Los resultados son contundentes: mientras el abuso físico infantil ha disminuido con el tiempo, el abuso verbal ha aumentado. Se estima que uno de cada tres niños experimenta maltrato verbal, frente a uno de cada seis que sufre abuso físico.

por Noris Hernández

Salud.- Un nuevo estudio intergeneracional publicado en la revista BMJ Open ha revelado que el abuso verbal durante la infancia puede ser tan perjudicial para la salud mental en la adultez como el abuso físico.

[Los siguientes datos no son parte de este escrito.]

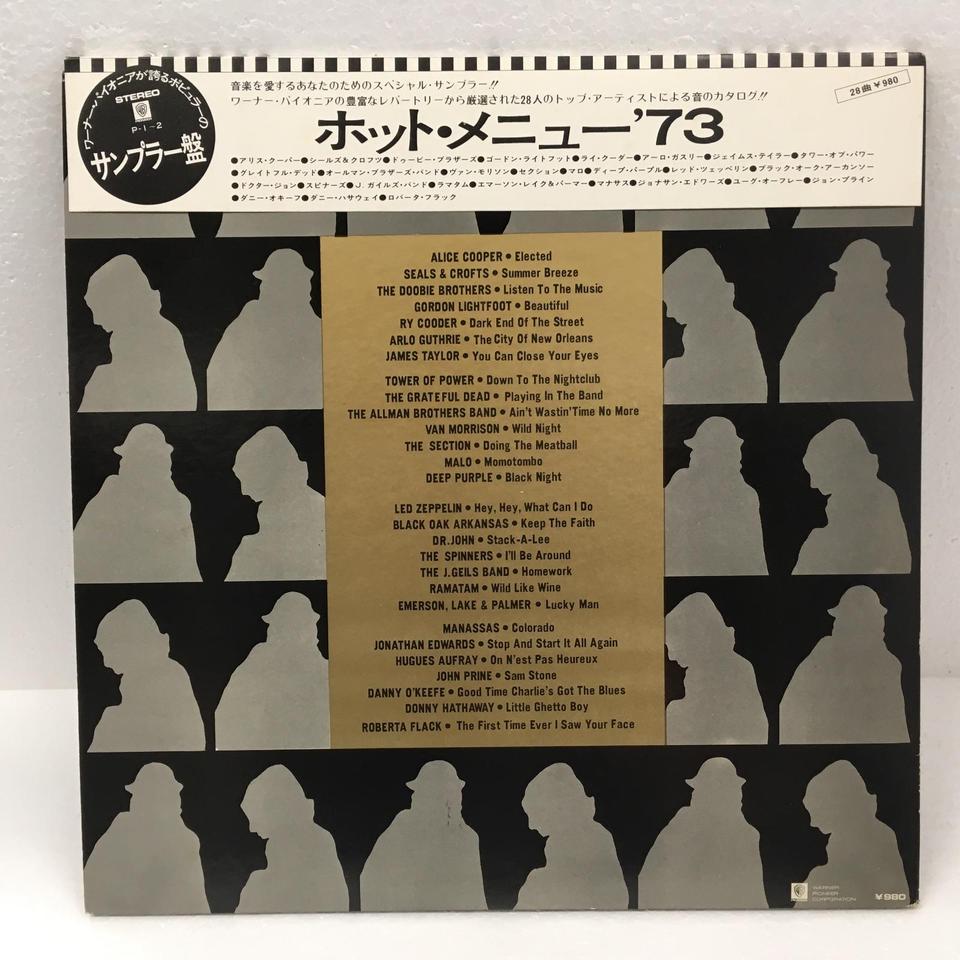 HOT MENU'73/THE BEST OF WARNER/REPRISE/ATLANTIC V.A. - 中古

La investigación, liderada por el Centro de Salud Pública de la Universidad John Moores de Liverpool, analizó datos de más de 20.000 personas nacidas en Inglaterra y Gales desde la década de 1950, encontrando que el abuso físico disminuyó del 20 % al 10 % desde 1950, el verbal aumentó del 12 % al 20 % en el mismo período.

Los resultados son contundentes: mientras el abuso físico infantil ha disminuido con el tiempo, el abuso verbal ha aumentado. Se estima que uno de cada tres niños experimenta maltrato verbal, frente a uno de cada seis que sufre abuso físico. Sin embargo, las políticas de protección infantil siguen enfocándose principalmente en la violencia física, ignorando el impacto psicológico del abuso verbal.

Efectos comparables en la salud mental

El estudio encontró que haber sufrido abuso físico o verbal en la infancia aumenta significativamente el riesgo de tener un bajo bienestar mental en la adultez: 52% en el caso del abuso físico y 64% en el verbal. Cuando ambos tipos de maltrato están presentes, el riesgo se duplica en comparación con quienes no sufrieron ninguno.

Por ejemplo, la prevalencia de adultos con bajo bienestar mental fue del 16% entre quienes no sufrieron abusos, del 22,5% en los que sufrieron solo abuso físico, del 24% en los que experimentaron solo abuso verbal, y alcanzó el 29% en aquellos que vivieron ambos tipos de maltrato.

Además, el estudio detectó que las personas nacidas después del año 2000 presentan mayores niveles de malestar psicológico, coincidiendo con un aumento sostenido del abuso verbal en comparación con generaciones anteriores.

Estrés tóxico y desarrollo neurobiológico

Pese a su prevalencia, las políticas de prevención se enfocan mayoritariamente en el maltrato físico. Los investigadores señalan que el abuso verbal, aunque menos visible, constituye una forma de estrés tóxico capaz de alterar el desarrollo neurobiológico de los menores. Aunque sus efectos pueden no ser evidentes de inmediato, son igual de duraderos y perjudiciales que los del abuso físico.

Este hallazgo pone en evidencia la necesidad urgente de revisar las políticas de protección infantil, para incluir el maltrato verbal como una forma grave de violencia que merece atención, prevención y reparación.

El estudio de BMJ Open no solo aporta datos reveladores, sino que lanza un llamado a gobiernos, educadores y profesionales de la salud mental: el abuso verbal no debe seguir siendo minimizado. Reconocer su impacto es el primer paso para construir entornos más seguros y saludables para las futuras generaciones.